- _YOUR TASK_: Everything from the line with "Set of 25 Modern" through the last line of the data below should be copied exactly, apart from the pictures.

- _EXTRACTED RECORDS_:
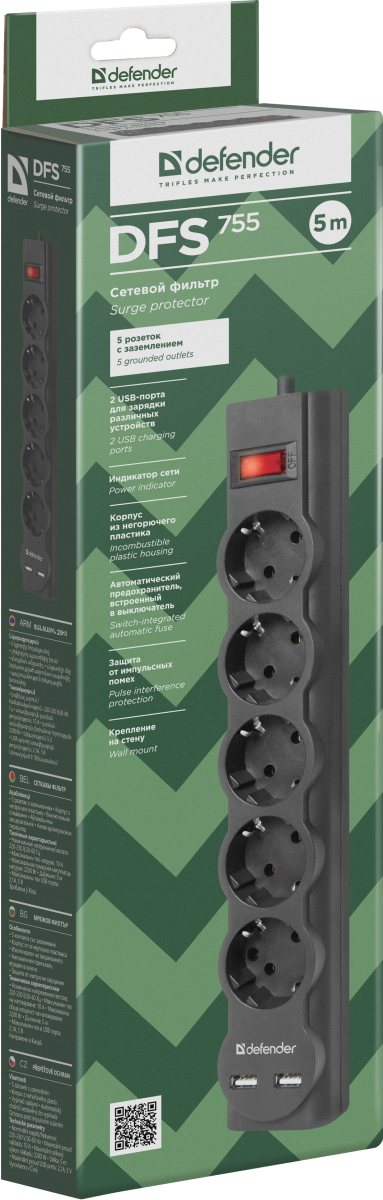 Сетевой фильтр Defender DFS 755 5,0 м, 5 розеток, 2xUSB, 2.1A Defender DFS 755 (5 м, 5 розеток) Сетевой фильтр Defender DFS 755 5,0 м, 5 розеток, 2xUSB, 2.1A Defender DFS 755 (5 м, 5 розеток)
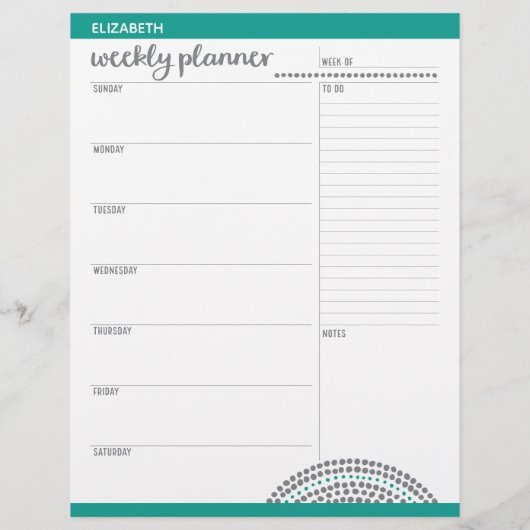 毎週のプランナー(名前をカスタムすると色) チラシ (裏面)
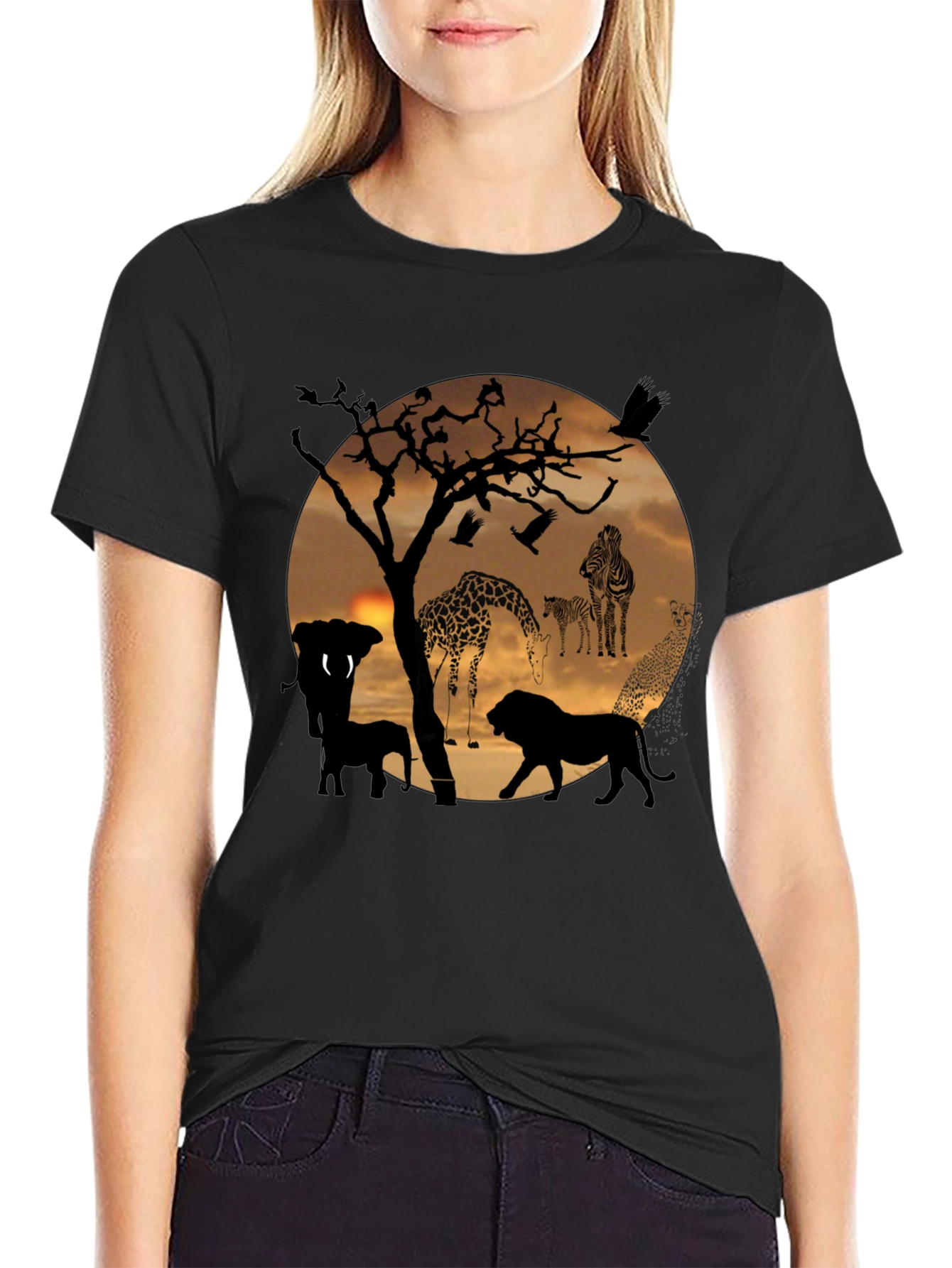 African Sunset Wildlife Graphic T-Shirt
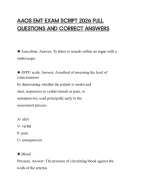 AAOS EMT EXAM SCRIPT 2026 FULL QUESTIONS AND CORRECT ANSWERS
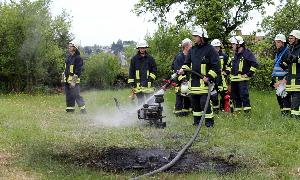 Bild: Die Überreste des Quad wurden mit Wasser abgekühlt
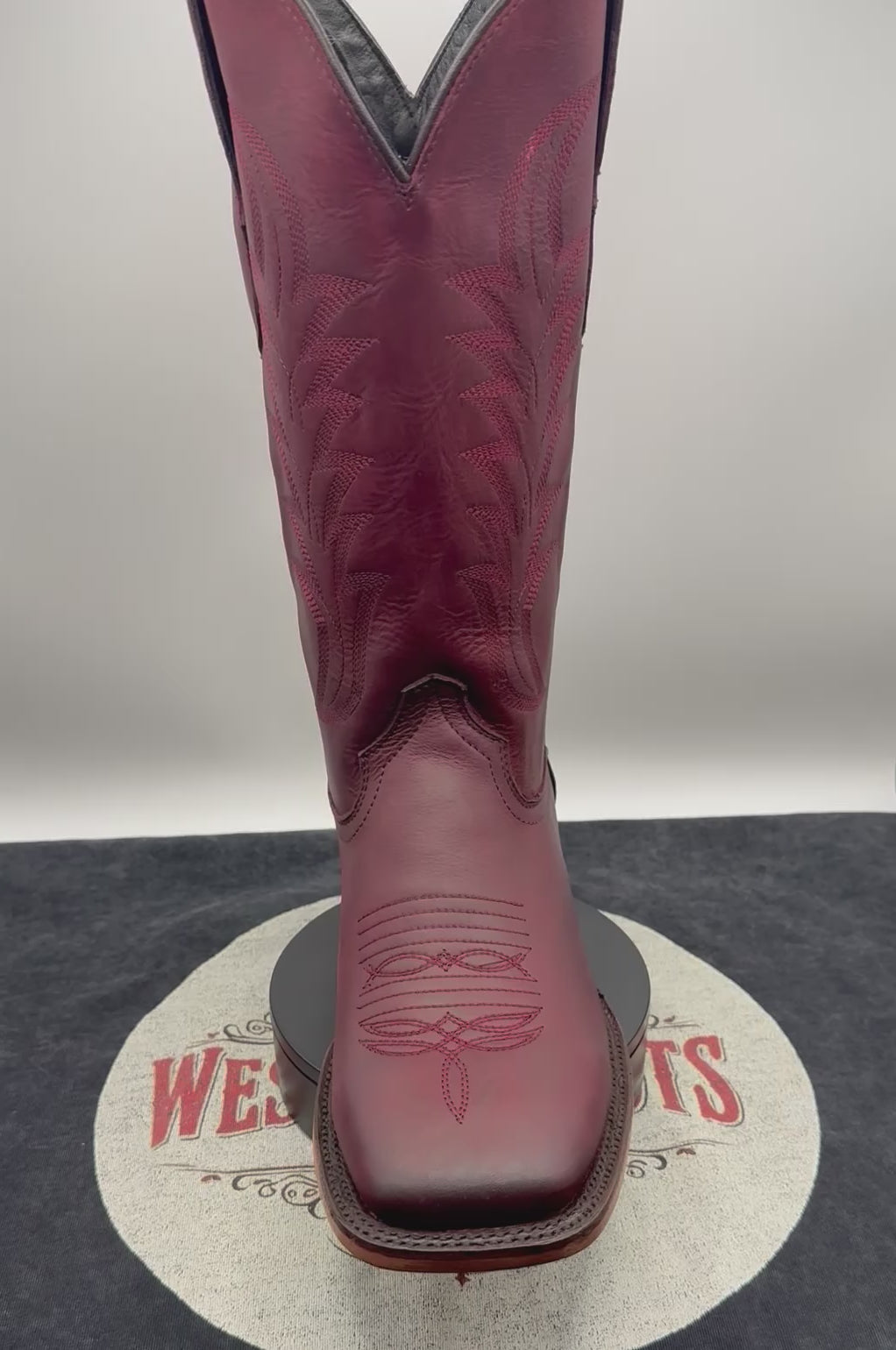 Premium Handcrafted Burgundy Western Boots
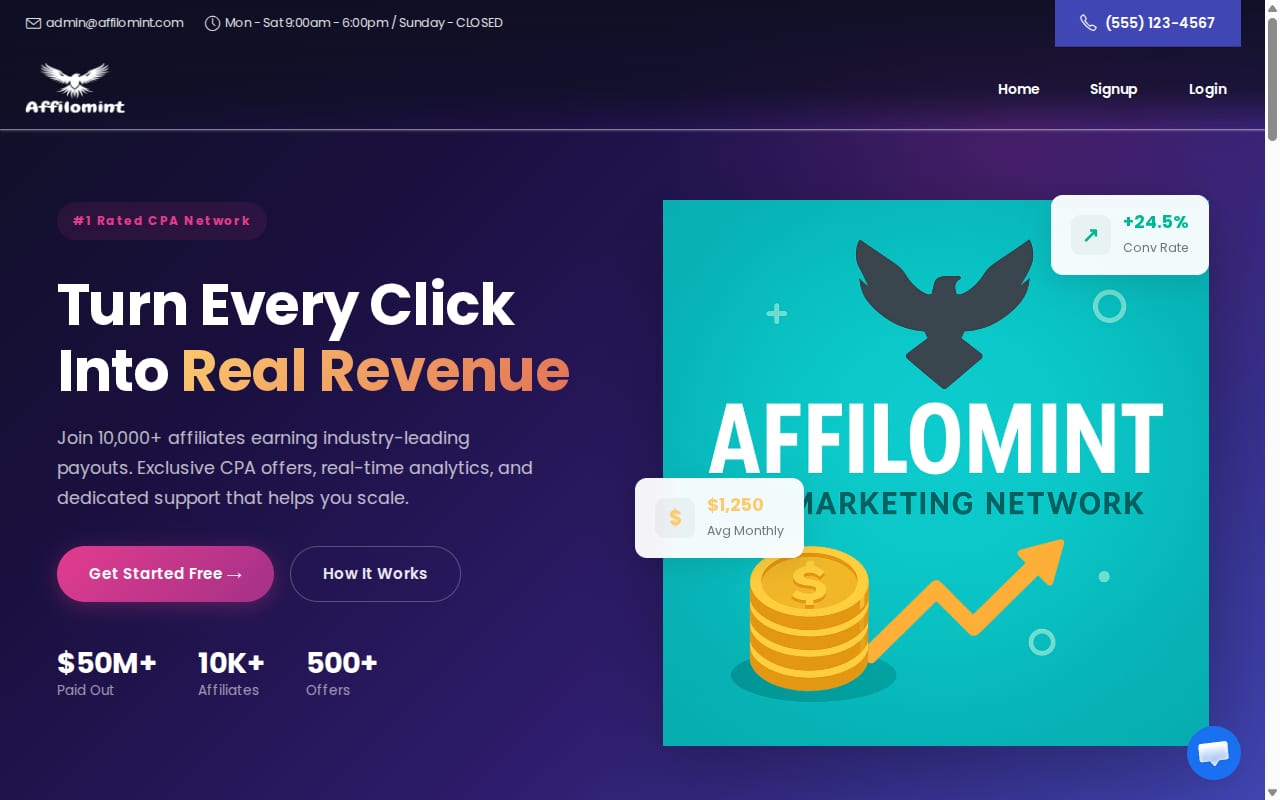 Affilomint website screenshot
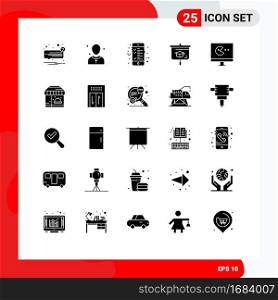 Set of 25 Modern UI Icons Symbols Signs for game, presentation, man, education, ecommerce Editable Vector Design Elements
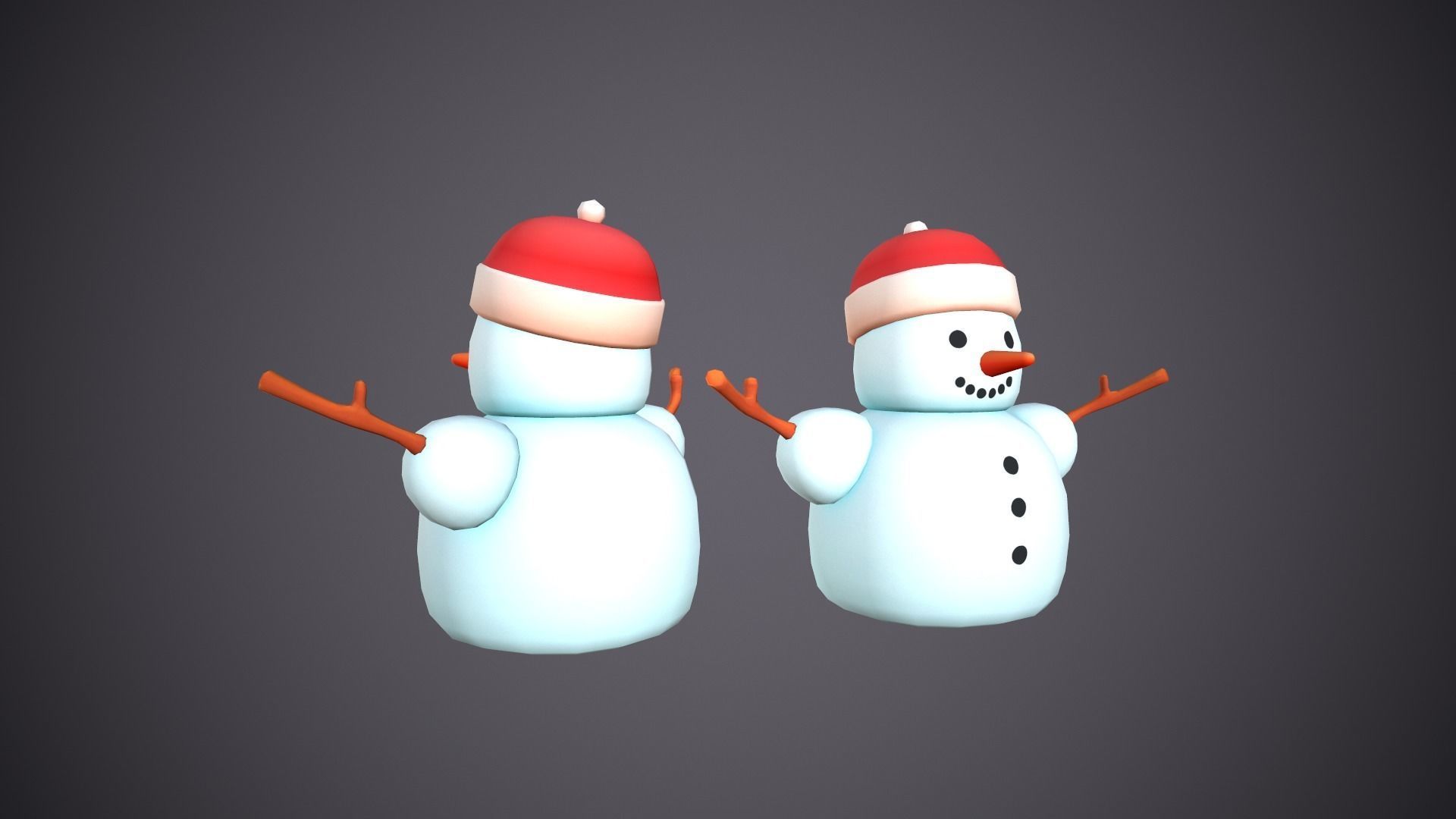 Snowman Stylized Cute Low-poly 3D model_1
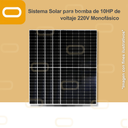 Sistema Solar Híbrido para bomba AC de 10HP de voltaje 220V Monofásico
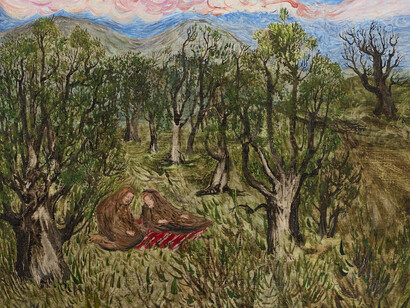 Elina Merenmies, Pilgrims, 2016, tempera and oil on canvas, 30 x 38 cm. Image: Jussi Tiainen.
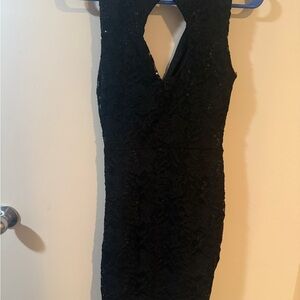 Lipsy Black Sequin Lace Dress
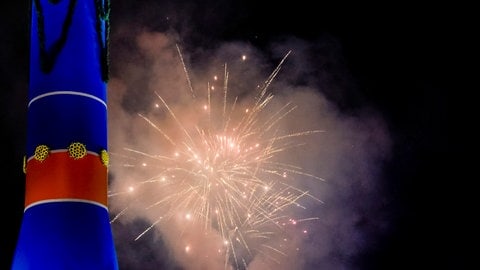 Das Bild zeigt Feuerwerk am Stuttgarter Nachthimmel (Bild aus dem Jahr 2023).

- _COMPLETED EXERCISE_:
 Set of 25 Modern UI Icons Symbols Signs for game, presentation, man, education, ecommerce Editable Vector Design Elements
 Snowman Stylized Cute Low-poly 3D model_1
 Sistema Solar Híbrido para bomba AC de 10HP de voltaje 220V Monofásico
 Elina Merenmies, Pilgrims, 2016, tempera and oil on canvas, 30 x 38 cm. Image: Jussi Tiainen.
 Lipsy Black Sequin Lace Dress
 Das Bild zeigt Feuerwerk am Stuttgarter Nachthimmel (Bild aus dem Jahr 2023).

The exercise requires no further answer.